Metadata
As if the weight of big data isn’t staggering enough, it is also necessary to create data about data! This is an avenue that has long been a niche for librarians. We speak in controlled vocabularies and cataloging systems and are often driven by a desire to organize and categorize information in all of it’s forms. It makes sense then that as information and resources shift and evolve, librarians will be applying their knowledge to metadata, which simply put is data about data. As we use standardized cataloging systems, i.e. Dewey Decimal and Library of Congress, so to are there standard schema to apply to metadata. While you can develop your own schema, and people, particularly researchers often do, it is not as conducive to sharing at a later date.
“In general, the fewer metadata schemas, the better. We use standards to improve interoperability and to reduce unnecessary variation. It is better and easier to adopt something that already exists, is well modelled, and comprehensively supported. If you build one, then you will also have manage and support it for the life span of the records.

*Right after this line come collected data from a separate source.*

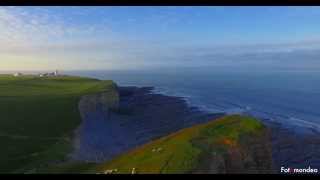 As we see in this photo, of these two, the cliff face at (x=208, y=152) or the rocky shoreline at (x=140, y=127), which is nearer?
the cliff face at (x=208, y=152)

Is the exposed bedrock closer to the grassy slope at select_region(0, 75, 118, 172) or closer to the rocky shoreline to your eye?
the rocky shoreline

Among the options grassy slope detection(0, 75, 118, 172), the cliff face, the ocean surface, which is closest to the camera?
the cliff face

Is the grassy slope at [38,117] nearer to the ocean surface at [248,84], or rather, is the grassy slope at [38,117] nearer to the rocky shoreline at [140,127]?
the rocky shoreline at [140,127]

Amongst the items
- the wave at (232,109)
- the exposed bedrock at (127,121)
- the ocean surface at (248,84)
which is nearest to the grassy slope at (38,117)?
the exposed bedrock at (127,121)

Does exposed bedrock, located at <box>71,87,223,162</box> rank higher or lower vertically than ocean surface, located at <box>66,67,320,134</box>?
lower

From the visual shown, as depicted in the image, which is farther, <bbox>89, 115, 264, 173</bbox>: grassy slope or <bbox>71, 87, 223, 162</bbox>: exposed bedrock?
<bbox>71, 87, 223, 162</bbox>: exposed bedrock

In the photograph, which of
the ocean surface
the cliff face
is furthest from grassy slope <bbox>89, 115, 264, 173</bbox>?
the ocean surface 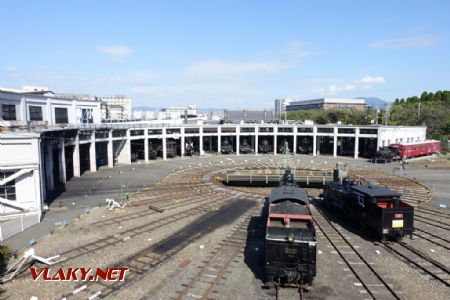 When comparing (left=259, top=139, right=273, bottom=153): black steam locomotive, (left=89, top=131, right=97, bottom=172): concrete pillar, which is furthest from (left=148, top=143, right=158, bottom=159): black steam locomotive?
(left=259, top=139, right=273, bottom=153): black steam locomotive

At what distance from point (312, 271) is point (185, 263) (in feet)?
24.5

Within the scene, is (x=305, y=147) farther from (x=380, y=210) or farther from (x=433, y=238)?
(x=380, y=210)

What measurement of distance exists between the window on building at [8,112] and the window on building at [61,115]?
8.93m

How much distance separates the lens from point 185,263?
60.0 feet

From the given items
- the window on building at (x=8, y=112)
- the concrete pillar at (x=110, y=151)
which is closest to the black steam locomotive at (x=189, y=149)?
the concrete pillar at (x=110, y=151)

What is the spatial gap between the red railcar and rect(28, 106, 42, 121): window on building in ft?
210

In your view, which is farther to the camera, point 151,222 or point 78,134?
point 78,134

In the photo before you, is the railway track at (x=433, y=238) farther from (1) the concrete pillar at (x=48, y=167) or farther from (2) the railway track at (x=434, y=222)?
(1) the concrete pillar at (x=48, y=167)

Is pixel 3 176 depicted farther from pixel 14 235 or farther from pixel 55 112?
pixel 55 112

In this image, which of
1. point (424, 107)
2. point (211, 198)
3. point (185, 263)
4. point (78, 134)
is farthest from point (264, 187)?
point (424, 107)

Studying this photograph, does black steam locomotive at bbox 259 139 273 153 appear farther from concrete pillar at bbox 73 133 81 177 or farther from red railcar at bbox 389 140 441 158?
concrete pillar at bbox 73 133 81 177

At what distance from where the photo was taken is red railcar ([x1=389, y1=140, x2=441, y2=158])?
202 feet

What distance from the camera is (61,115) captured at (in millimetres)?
51781

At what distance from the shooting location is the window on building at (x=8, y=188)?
2569 cm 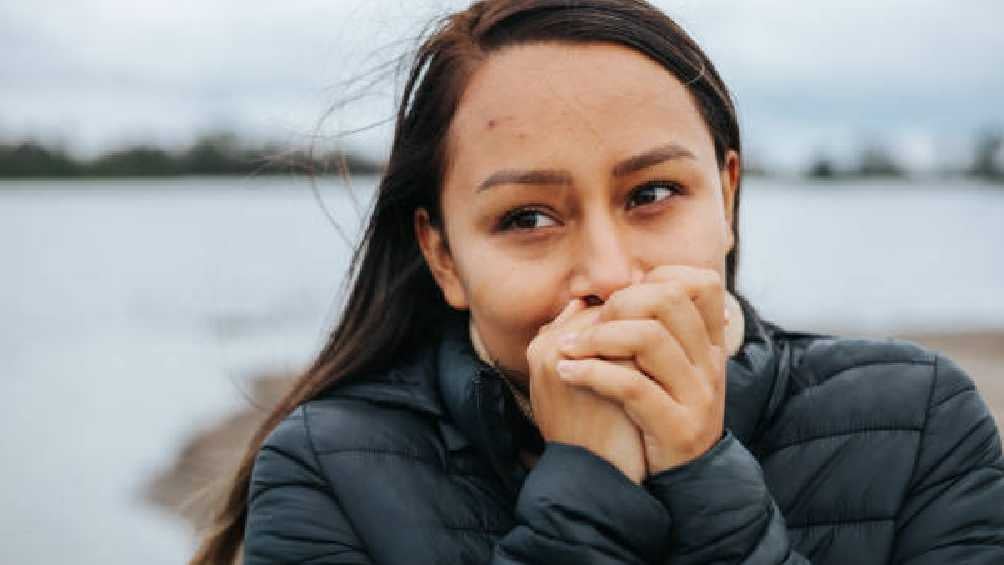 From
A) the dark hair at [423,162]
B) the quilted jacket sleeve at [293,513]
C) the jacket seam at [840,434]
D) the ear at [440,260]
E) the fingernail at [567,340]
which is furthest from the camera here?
the ear at [440,260]

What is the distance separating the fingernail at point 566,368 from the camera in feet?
6.77

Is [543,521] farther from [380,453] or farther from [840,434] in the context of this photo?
[840,434]

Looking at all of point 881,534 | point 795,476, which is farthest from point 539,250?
point 881,534

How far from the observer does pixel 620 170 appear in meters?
2.21

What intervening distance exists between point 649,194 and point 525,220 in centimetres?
27

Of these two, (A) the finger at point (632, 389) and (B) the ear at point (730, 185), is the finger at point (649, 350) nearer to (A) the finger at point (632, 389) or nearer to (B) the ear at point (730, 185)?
(A) the finger at point (632, 389)

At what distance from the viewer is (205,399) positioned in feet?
39.1

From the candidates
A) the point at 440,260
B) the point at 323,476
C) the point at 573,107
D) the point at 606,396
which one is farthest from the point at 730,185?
the point at 323,476

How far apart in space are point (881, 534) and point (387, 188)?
144cm

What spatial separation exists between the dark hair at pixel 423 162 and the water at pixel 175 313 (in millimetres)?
433

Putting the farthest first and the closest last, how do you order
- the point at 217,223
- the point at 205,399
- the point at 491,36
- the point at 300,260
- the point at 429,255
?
the point at 217,223 < the point at 300,260 < the point at 205,399 < the point at 429,255 < the point at 491,36

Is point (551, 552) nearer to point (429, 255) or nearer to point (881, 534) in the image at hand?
point (881, 534)

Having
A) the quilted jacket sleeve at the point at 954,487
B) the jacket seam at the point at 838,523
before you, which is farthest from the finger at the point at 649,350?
the quilted jacket sleeve at the point at 954,487

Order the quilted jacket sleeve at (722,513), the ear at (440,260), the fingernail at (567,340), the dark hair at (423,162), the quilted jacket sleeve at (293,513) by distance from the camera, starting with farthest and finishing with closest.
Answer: the ear at (440,260) → the dark hair at (423,162) → the quilted jacket sleeve at (293,513) → the fingernail at (567,340) → the quilted jacket sleeve at (722,513) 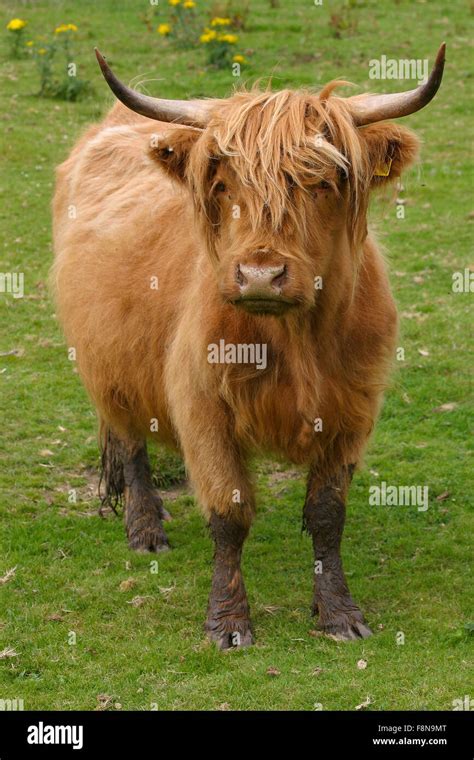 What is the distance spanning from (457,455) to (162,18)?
1272cm

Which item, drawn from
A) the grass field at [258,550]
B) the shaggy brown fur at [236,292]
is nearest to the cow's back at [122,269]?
the shaggy brown fur at [236,292]

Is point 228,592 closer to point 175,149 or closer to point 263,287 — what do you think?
point 263,287

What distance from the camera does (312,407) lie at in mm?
5094

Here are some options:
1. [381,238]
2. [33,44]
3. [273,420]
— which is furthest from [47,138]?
[273,420]

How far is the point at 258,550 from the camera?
6.47m

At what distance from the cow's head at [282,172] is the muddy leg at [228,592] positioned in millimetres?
1289

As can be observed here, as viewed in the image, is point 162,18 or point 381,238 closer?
point 381,238

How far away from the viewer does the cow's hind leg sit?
656 cm

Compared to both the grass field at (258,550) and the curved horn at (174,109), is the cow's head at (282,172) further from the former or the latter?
the grass field at (258,550)

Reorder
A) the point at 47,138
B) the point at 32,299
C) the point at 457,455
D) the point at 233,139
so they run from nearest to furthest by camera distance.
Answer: the point at 233,139 → the point at 457,455 → the point at 32,299 → the point at 47,138

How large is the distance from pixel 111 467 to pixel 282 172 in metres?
2.83

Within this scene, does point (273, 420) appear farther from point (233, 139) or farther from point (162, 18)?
point (162, 18)

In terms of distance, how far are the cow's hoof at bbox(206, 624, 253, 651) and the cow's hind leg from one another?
1197mm

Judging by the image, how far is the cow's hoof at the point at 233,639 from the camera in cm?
539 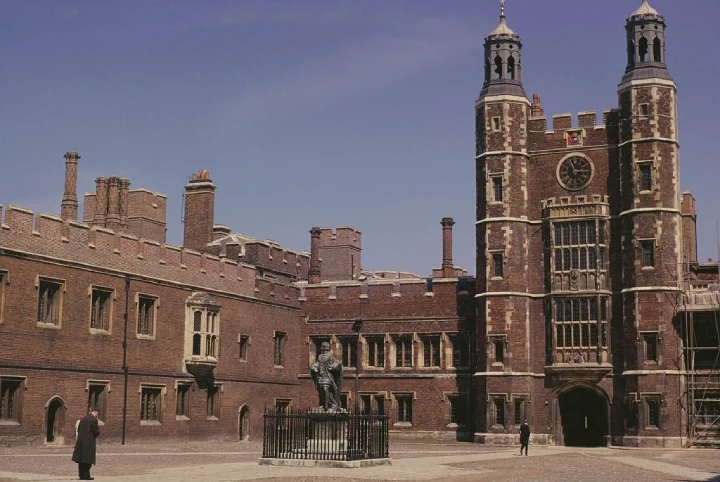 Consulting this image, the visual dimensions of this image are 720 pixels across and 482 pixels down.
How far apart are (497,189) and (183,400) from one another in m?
15.6

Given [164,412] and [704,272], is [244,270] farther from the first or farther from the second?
[704,272]

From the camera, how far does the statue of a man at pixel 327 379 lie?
84.0 ft

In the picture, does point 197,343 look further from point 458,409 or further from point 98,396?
point 458,409

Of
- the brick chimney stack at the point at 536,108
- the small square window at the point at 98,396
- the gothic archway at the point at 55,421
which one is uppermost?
the brick chimney stack at the point at 536,108

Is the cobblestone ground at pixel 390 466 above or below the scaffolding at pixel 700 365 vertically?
below

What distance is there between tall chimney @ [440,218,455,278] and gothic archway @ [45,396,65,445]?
65.5 feet

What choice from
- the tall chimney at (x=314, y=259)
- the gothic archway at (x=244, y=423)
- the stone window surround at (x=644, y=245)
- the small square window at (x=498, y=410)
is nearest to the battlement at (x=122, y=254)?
the tall chimney at (x=314, y=259)

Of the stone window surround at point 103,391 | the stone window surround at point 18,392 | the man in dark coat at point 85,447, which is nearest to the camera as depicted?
the man in dark coat at point 85,447

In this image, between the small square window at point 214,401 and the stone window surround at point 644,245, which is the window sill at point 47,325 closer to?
the small square window at point 214,401

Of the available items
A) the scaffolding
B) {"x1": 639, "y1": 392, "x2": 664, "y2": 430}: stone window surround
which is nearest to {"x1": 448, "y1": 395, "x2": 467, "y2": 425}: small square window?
{"x1": 639, "y1": 392, "x2": 664, "y2": 430}: stone window surround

This includes updates, backwards and forwards compatibility, metadata about the metadata schema, registry and other infrastructure to support its implementation, etc.”
In other words a big headache and one that almost ensures that anyone trying to access your data and it’s unique metadata will also end up with a big headache.
Anyone familiar with library cataloging has experience with MARC, whose formats are standards for the representation and communication of bibliographic and related information in machine-readable form. There are also several schema that are specific to metadata generated from different disciplines.
The following map highlights the most widely used schema for varying disciplines.
Dublin Core
Many of these schema, especially in the sciences have been adapted from, Dublin Core, which was developed in the mid-90′s and seems to be the de facto metadata schema. It contains 15 distinct elements.
| Dublin Core Elements | |
|---|---|
title creator subject description publisher contributor date type |
format identifier source language relation coverage rights |
There are some disadvantages to Dublin Core, in that there are no cataloging rules that determine how data will be entered in the fields. “Creator = Amelia Vaughan”, and “creator = Vaughan, Amelia” are both accepted. This allows people who are adopting Dublin Core to make use of whatever rules are common in their community, but it does mean that there is no consistency across different uses of Dublin Core. On the whole however, it is a widely used and understood system that has been refined and updated over the course of it’s almost 20 year life span. However the simple version of DC has proven inadequate for addressing the complexities of scientific data and as such new schema have been developed that greatly expanded on the core elements of DC.
Darwin Core
One such schema is Darwin Core, whose primary purpose is to create a common language for sharing biodiversity data that is complementary to and reuses metadata standards from other domains wherever possible.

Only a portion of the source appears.